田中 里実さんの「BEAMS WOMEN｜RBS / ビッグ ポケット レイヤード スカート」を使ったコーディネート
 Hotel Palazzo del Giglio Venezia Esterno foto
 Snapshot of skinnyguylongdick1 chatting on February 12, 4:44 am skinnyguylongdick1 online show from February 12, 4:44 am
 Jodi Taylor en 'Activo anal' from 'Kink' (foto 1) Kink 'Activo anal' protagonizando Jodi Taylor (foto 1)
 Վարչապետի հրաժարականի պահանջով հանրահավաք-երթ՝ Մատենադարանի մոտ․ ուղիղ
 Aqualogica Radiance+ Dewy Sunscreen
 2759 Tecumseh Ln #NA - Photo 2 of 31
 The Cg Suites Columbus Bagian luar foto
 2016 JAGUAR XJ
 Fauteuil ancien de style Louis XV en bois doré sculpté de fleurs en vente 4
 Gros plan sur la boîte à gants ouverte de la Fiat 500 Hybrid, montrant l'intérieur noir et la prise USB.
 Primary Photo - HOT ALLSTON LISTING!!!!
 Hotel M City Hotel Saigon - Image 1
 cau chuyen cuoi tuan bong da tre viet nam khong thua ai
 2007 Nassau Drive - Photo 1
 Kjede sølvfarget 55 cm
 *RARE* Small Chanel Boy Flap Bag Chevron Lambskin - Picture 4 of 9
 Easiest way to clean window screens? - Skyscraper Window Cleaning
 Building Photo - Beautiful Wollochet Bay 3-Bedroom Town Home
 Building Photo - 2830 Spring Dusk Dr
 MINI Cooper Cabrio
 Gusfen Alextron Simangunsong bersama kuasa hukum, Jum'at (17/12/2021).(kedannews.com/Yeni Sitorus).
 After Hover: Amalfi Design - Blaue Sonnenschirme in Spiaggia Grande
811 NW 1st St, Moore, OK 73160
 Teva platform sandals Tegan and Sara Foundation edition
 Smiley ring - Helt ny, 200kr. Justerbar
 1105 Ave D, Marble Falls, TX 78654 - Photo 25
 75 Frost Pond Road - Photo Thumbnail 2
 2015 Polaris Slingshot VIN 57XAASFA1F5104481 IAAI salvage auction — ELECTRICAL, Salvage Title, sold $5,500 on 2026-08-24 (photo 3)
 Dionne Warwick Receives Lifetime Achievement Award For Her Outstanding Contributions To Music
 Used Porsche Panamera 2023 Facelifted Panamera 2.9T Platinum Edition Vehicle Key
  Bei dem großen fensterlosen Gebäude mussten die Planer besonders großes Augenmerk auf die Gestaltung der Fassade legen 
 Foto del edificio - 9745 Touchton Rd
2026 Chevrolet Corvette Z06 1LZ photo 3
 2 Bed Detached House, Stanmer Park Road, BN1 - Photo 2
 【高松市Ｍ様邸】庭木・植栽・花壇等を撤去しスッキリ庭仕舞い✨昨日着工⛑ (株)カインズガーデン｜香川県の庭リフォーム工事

::::::::::

Description of the task →
All entries are to be printed once more, exactly as given.

Output of the task →
田中 里実さんの「BEAMS WOMEN｜RBS / ビッグ ポケット レイヤード スカート」を使ったコーディネート
 Hotel Palazzo del Giglio Venezia Esterno foto
 Snapshot of skinnyguylongdick1 chatting on February 12, 4:44 am skinnyguylongdick1 online show from February 12, 4:44 am
 Jodi Taylor en 'Activo anal' from 'Kink' (foto 1) Kink 'Activo anal' protagonizando Jodi Taylor (foto 1)
 Վարչապետի հրաժարականի պահանջով հանրահավաք-երթ՝ Մատենադարանի մոտ․ ուղիղ
 Aqualogica Radiance+ Dewy Sunscreen
 2759 Tecumseh Ln #NA - Photo 2 of 31
 The Cg Suites Columbus Bagian luar foto
 2016 JAGUAR XJ
 Fauteuil ancien de style Louis XV en bois doré sculpté de fleurs en vente 4
 Gros plan sur la boîte à gants ouverte de la Fiat 500 Hybrid, montrant l'intérieur noir et la prise USB.
 Primary Photo - HOT ALLSTON LISTING!!!!
 Hotel M City Hotel Saigon - Image 1
 cau chuyen cuoi tuan bong da tre viet nam khong thua ai
 2007 Nassau Drive - Photo 1
 Kjede sølvfarget 55 cm
 *RARE* Small Chanel Boy Flap Bag Chevron Lambskin - Picture 4 of 9
 Easiest way to clean window screens? - Skyscraper Window Cleaning
 Building Photo - Beautiful Wollochet Bay 3-Bedroom Town Home
 Building Photo - 2830 Spring Dusk Dr
 MINI Cooper Cabrio
 Gusfen Alextron Simangunsong bersama kuasa hukum, Jum'at (17/12/2021).(kedannews.com/Yeni Sitorus).
 After Hover: Amalfi Design - Blaue Sonnenschirme in Spiaggia Grande
811 NW 1st St, Moore, OK 73160
 Teva platform sandals Tegan and Sara Foundation edition
 Smiley ring - Helt ny, 200kr. Justerbar
 1105 Ave D, Marble Falls, TX 78654 - Photo 25
 75 Frost Pond Road - Photo Thumbnail 2
 2015 Polaris Slingshot VIN 57XAASFA1F5104481 IAAI salvage auction — ELECTRICAL, Salvage Title, sold $5,500 on 2026-08-24 (photo 3)
 Dionne Warwick Receives Lifetime Achievement Award For Her Outstanding Contributions To Music
 Used Porsche Panamera 2023 Facelifted Panamera 2.9T Platinum Edition Vehicle Key
  Bei dem großen fensterlosen Gebäude mussten die Planer besonders großes Augenmerk auf die Gestaltung der Fassade legen 
 Foto del edificio - 9745 Touchton Rd
2026 Chevrolet Corvette Z06 1LZ photo 3
 2 Bed Detached House, Stanmer Park Road, BN1 - Photo 2
 【高松市Ｍ様邸】庭木・植栽・花壇等を撤去しスッキリ庭仕舞い✨昨日着工⛑ (株)カインズガーデン｜香川県の庭リフォーム工事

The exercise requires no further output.